Space Invaders Infinite Gene
530spaceinvadersgeneb   Mitigé. D'un côté, c'est cool, ils n'ont pas capitalisé sur le nom "Space Invaders" (l'une des plus grosses légendes du jeu vidéo, et l'un des tous premiers sortis... Si vraiment vous aviez besoin d'une explication...), et ont fait un vrai nouveau jeu, et pas un simple lifting paresseux pour faire rentrer la caillasse.

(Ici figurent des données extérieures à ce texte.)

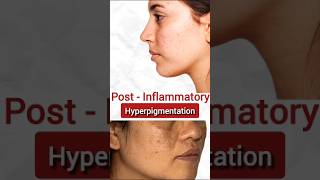 Post-Inflammatory Hyperpigmentation: Dermatologist Tips for Clear Skin"#Hyperpigmentation #DarkSpots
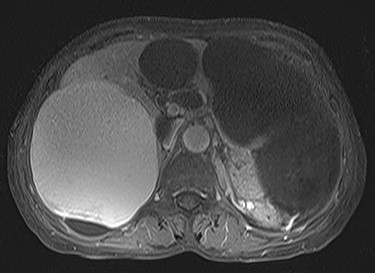 Preoperative T1-weighted magnetic resonance imaging showing different findings in the right and left lobe cysts.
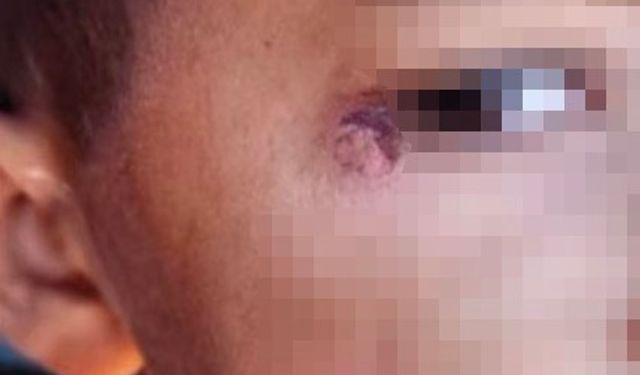 Öğrencinin yüzünde sigara söndüren temizlik görevlisi tutuklandı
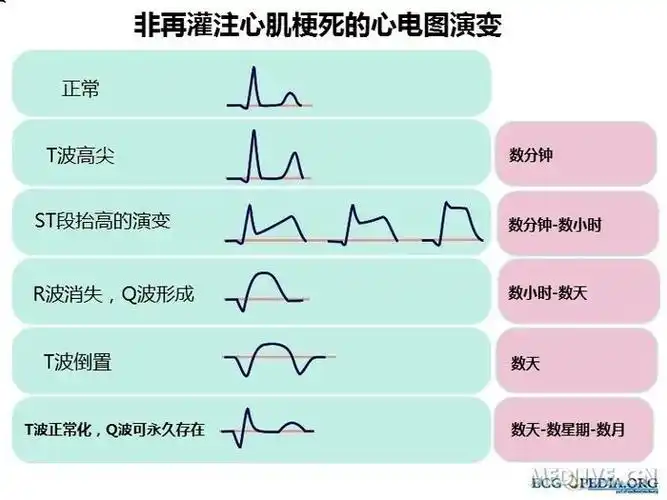 图非再灌注心肌梗死的心电图演变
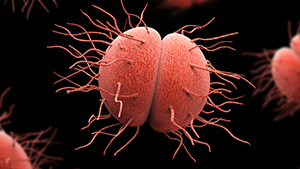 Gonorrea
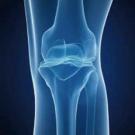 X-ray of knee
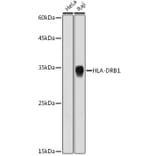 Western Blot - Anti-HLA Class II DRB1 Antibody [ARC2360] (A305407) - Antibodies.com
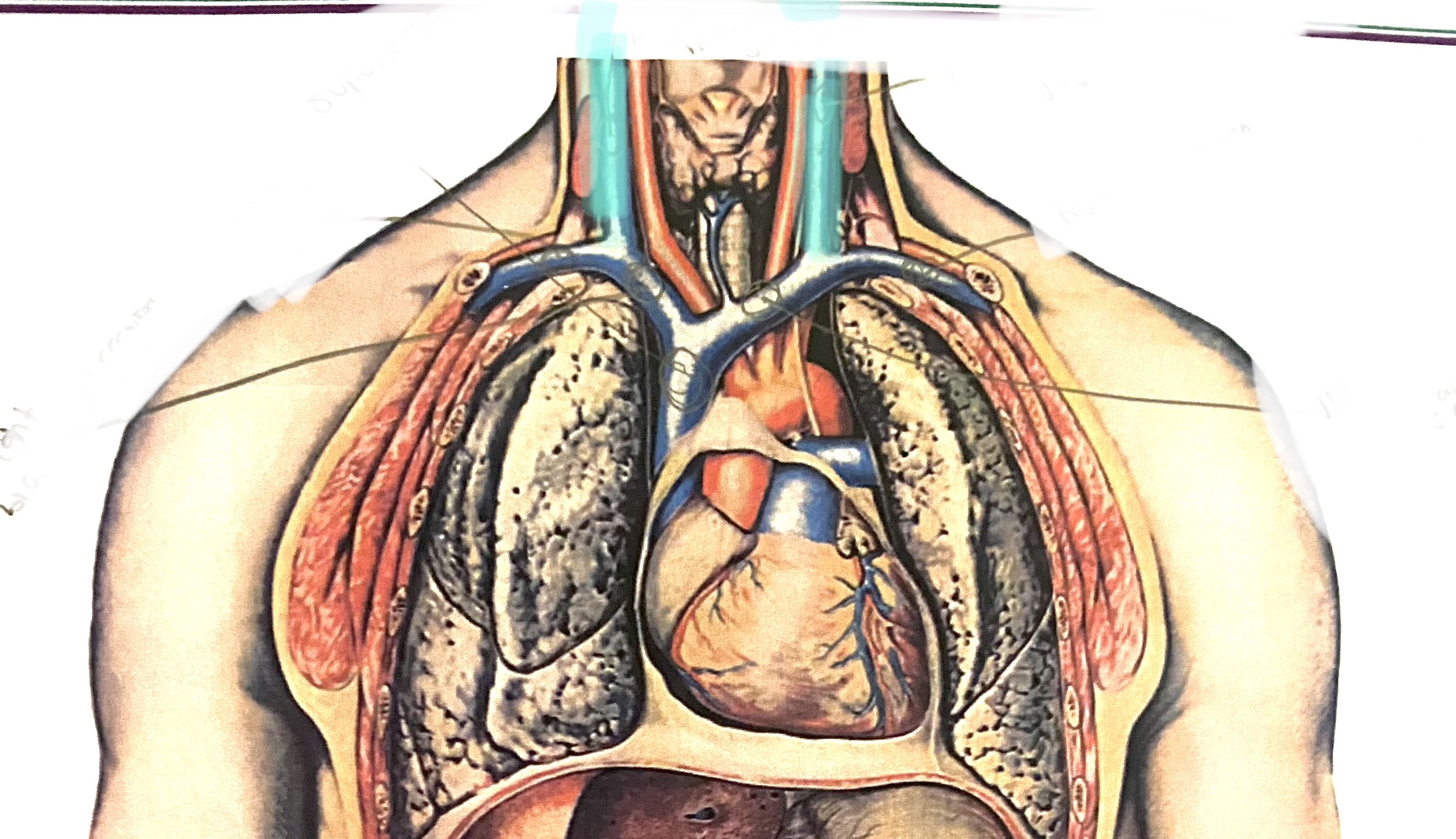 <p>Internal jugular vein</p>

   De l'autre, en modifiant les fondamentaux de la série (le vaisseau peut désormais décoller son gros cul du bas de l'écran et se déplacer dans toutes les directions, par exemple), bah le studio Taito a fait de ce jeu un shoot vertical assez lambda. Ni trop dur ni trop facile, esthétiquement fidèle à la légende dont il reprend le nom (du vectoriel volontairement pas beau, en plus accompagné d'une bande-son techno à gerber), pas très marquant lors de ses boss, mais plutôt plaisant à jouer... On sait pas trop quoi en penser, donc. On a envie de l'aimer, parce que l'effort d'innovation, parce que la sympathie pour le titre, parce le parti-pris graphique, parce qu'un mode où les niveaux se transforment au rythme de la musique (au passage, c'est clairement le mode le plus cool et original, ils auraient dû le mettre en avant), parce qu'un vrai challenge en difficulté max... Mais en même temps, y'a juste trente-deux fois mieux ailleurs. Mais bon, je sais pas, si on a fini d'explorer "ailleurs" et qu'on a quand même encore les doigts qui tremblent, pourquoi pas...
   Je donne à ce jeu la note de bof/10.